İnternet sitelerinde yer alan ilanlara baktığımızda biz de sektörümüzde hala gerçek olmayan çeşitli ilanlarla karşılaşıyoruz. Önemli sorunlardan bir tanesi de aynı taşınmaza ilişkin birden fazla kişinin hala ilan veriyor olması. Bir de kaparo sorunu var. ‘Aman bu evi kaçırmayın, kaporayı yatırın, evin ilanını kaldıralım, başkasına satılmasın’ diyorlar. Vatandaş 10 bin lira kaparo gönderiyor. Bir başkası, bir başkası daha derken, paraları topluyorlar. Konut almak isteyenler bu gibi sorunlara karşı bilinçli olmak zorunda. Bu bağlamda Doğrulanmış İlan Düzenlemesi’nin çok iyi bir şekilde işlemesi gerekiyor. Her ne kadar vatandaşlar önlem alsa da bu sistem işlemez ise mağduriyetler devam eder.
“EKONOMİDE İNŞAAT SEKTÖRÜ KAYDA DEĞER PAY SAHİBİ”
· Sektörün geleceği hakkında öngörülerinizi sıralar mısınız?
İnşaat sektörünün ülke ekonomisine, istihdama ve 250’ye yakın alt sektörün ticaret hacmine sağladığı olumlu etkinin sürdürülebilirliği vizyoner bakış açısı ve somut göstergeler ile geliştirilecek yol haritasına bağlı. Ülkemizde yüzde 80 oranında konut inşaatlarından oluşan inşaat sektöründe geliştirilecek projeler için demografik ve sosyal göstergeler önem taşıyor.
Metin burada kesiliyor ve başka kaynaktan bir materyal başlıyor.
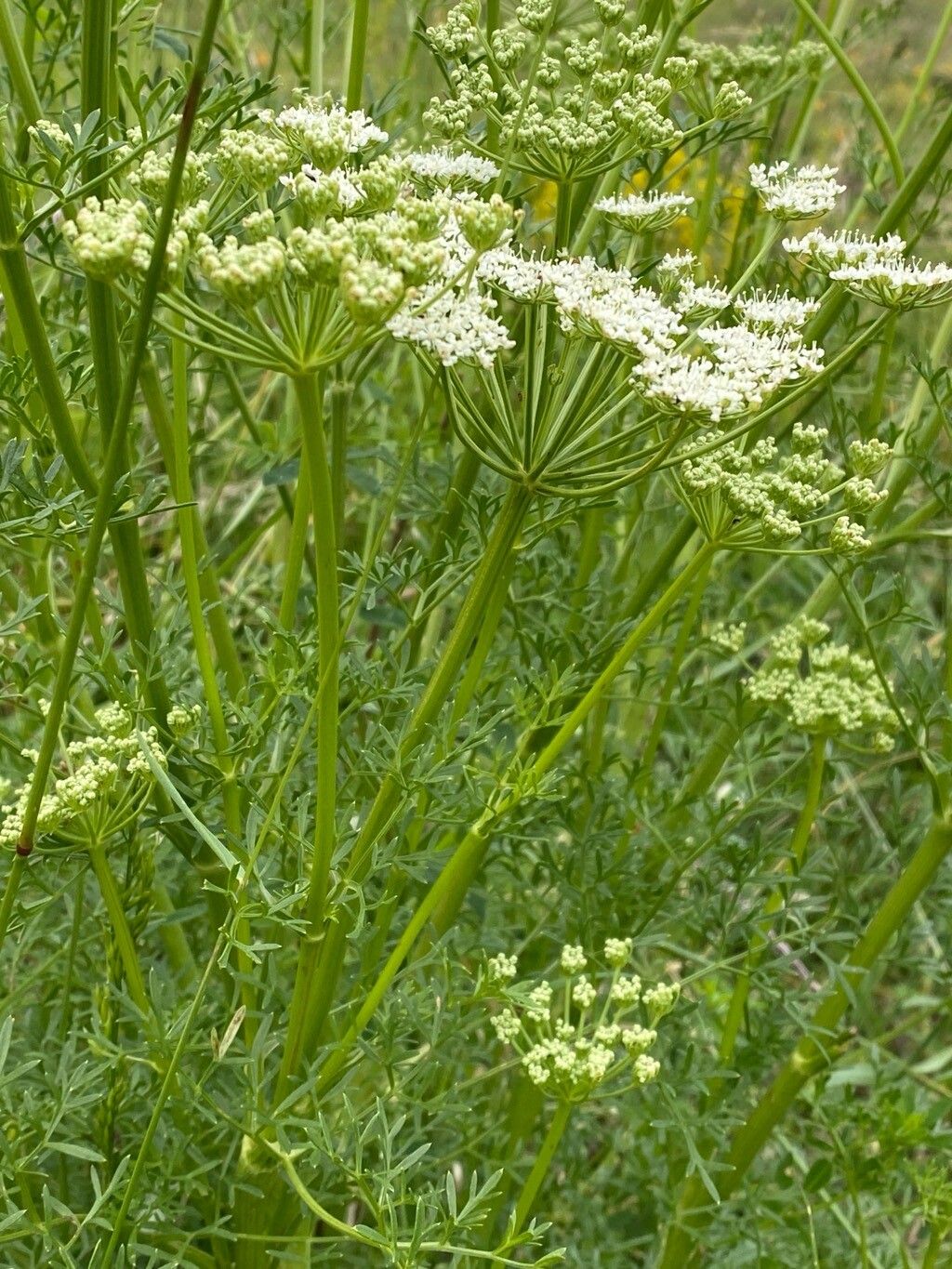 Ligusticum lucidum (alternate view 2)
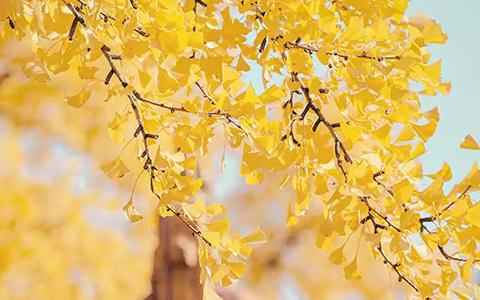 阳光实践，快乐成长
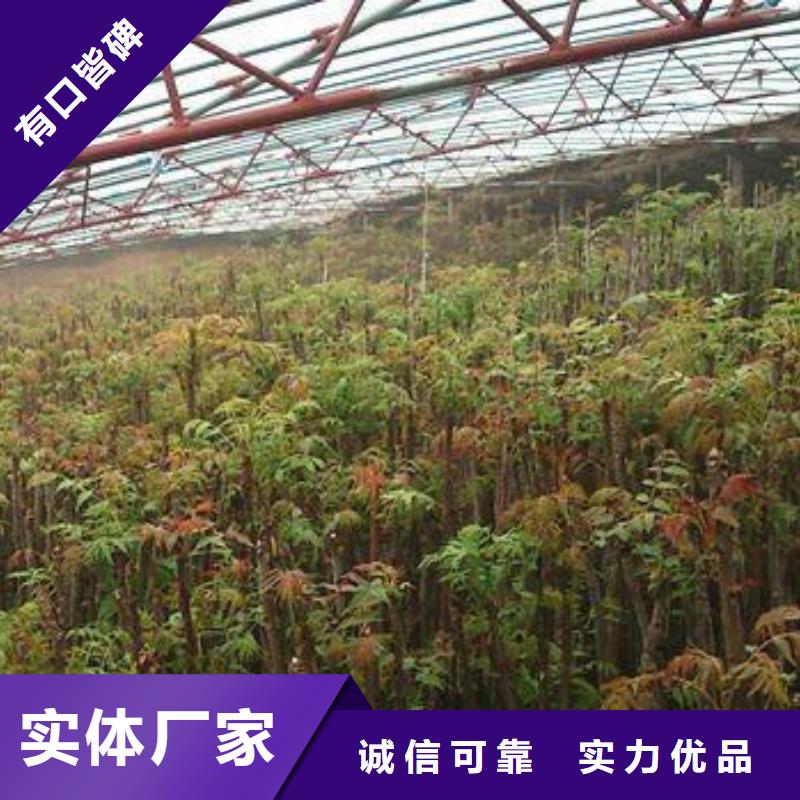 香椿苗苹果苗专注细节使用放心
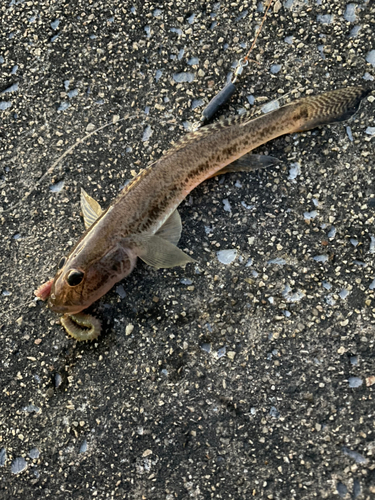 ハゼの釣果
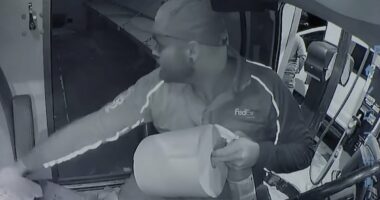 Tanner Horner filmed cleaning his van after murdering Athena Strand, 7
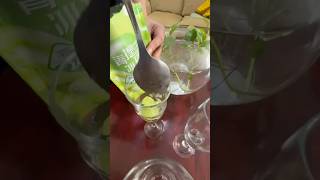 Homemade Mojito mojito mojitos chilled mocktail fun tasty [upl. by Aer]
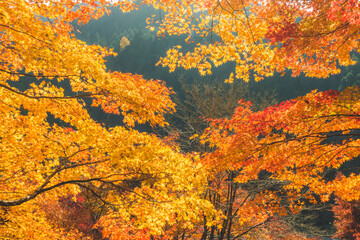 日本の綺麗な紅葉の木々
Türkiye’nin son dönemdeki ekonomik büyümesinde inşaat sektörü kayda değer pay sahibi. Dünya ekonomisi ve ticaret hacmi büyüme tahminlerinin önümüzdeki dönem için aşağı yönlü revize edilmesi sektörün Türkiye ekonomisine katkısını daha da önemli hale getirmiş durumda. Konut sektörü ve oluşturduğu dışsal etki her geçen gün artarken, sektörün sürdürülebilirliği de sık sık gündem oluşturuyor. Dolayısıyla sektörün mevcut durumunu anlamak ve gelecek projeksiyonu yapmak sorunların önüne geçebilmek için proaktif önlemler almak zaruri hale geldi. Doğru planlama ve politikalar ile aklın ve bilimin ışığında gayrimenkul sektörüne yön vermeye devam edersek, bunun ekonomik kazanımlarını her zaman karşımızda görmeye devam edebiliriz.